Thursday, June 19, 2014

Digging Down To the Midden

Over the last two days at Burrell Orchard, we completed our shovel-testing and began work on three 2x2meter units near the edge of the old orchard.  Two of these units were placed adjacent to a 2x2 opened in 2008 that penetrated through the midden deposits and exposed a layer of yellow-brown clay.  This layer may represent a house floor similar to ones that have been recorded on Late Archaic sites in Illinois and Kentucky.   Or it could simply be subsoil backdirt from the digging of pits below the midden, but further work will tell.

As we removed the plow zone soils today, several interesting discoveries were made.  A nearly complete, stemmed lanceolate projectile point was found in the upper layers of the midden in Unit 490N 497.5E.  As shown below, this point is only missing its tip.  It is extremely well made and very thin.  Even the edges are still sharp!  It is made of a dark blue-black flint most likely from Coshocton County, Ohio.  This artifact was either a butchering knife or perhaps a spear point.

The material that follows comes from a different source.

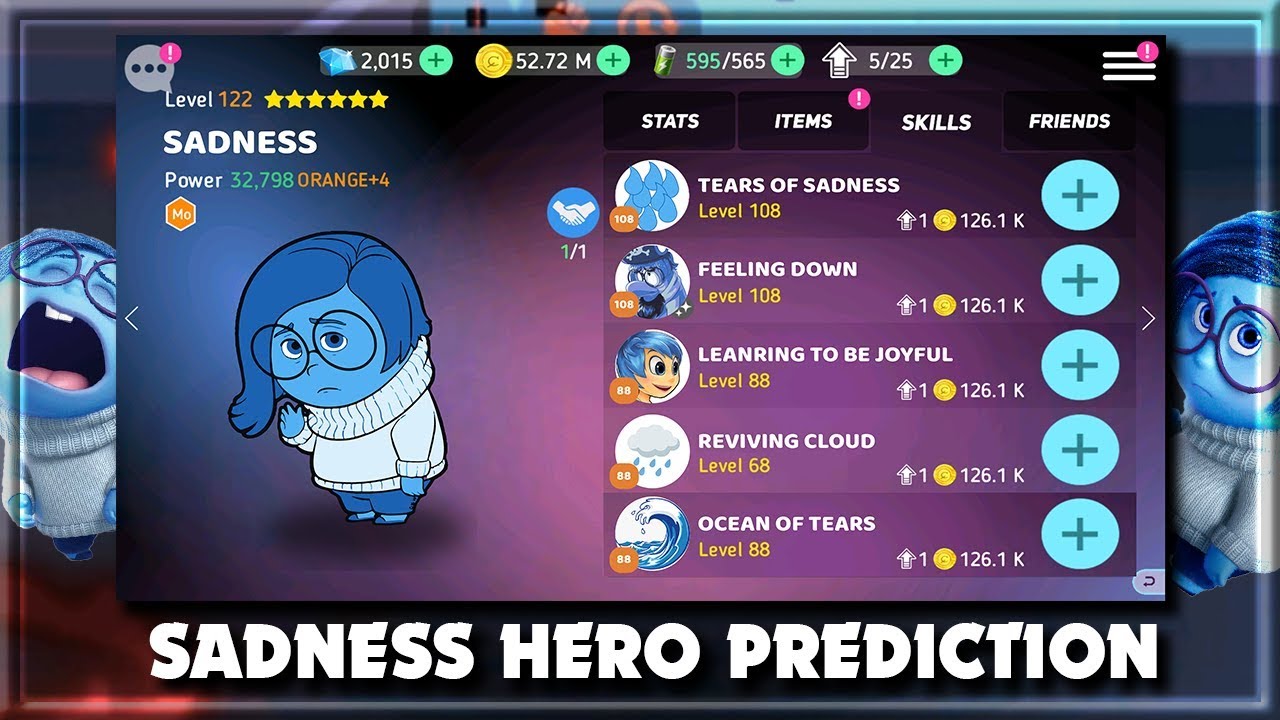 Endless. world's most unlikely concept - Hero Concepts - Disney Heroes:  Battle Mode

An even rarer artifact is a stone adze found in the upper midden layer in unit 498N 512E.  It is a complete, undamaged specimen of a wood-working tool that was carefully ground and polished from a very attractive variety of igneous rock called porphyry.  In the image below, the distinctive crystals of feldspar, called phenocrysts, can be distinctly seen.  This tool was most likely made from a glacial cobble found in French Creek or another local stream. The discovery of an undamaged tool like this seems unusual in a refuse context such as a midden.  Perhaps this particular stratum is more significant than we first assumed. 


Next door in the adjoining excavation unit, a hard day of plow zone excavation resulted in the complete exposure of the midden deposit.  At first glance, it looks something like an asphalt pavement--and is nearly as hard to dig--but on closer inspection dense concentrations of charcoal, burned soil, burned bone, flint flakes can be seen between the large chunks of fire-cracked rock.  Shown below is a view of the midden floor at the end of the day.  This floor has not seen the light of day for some four thousand years!  And much more undoubtedly lies beneath.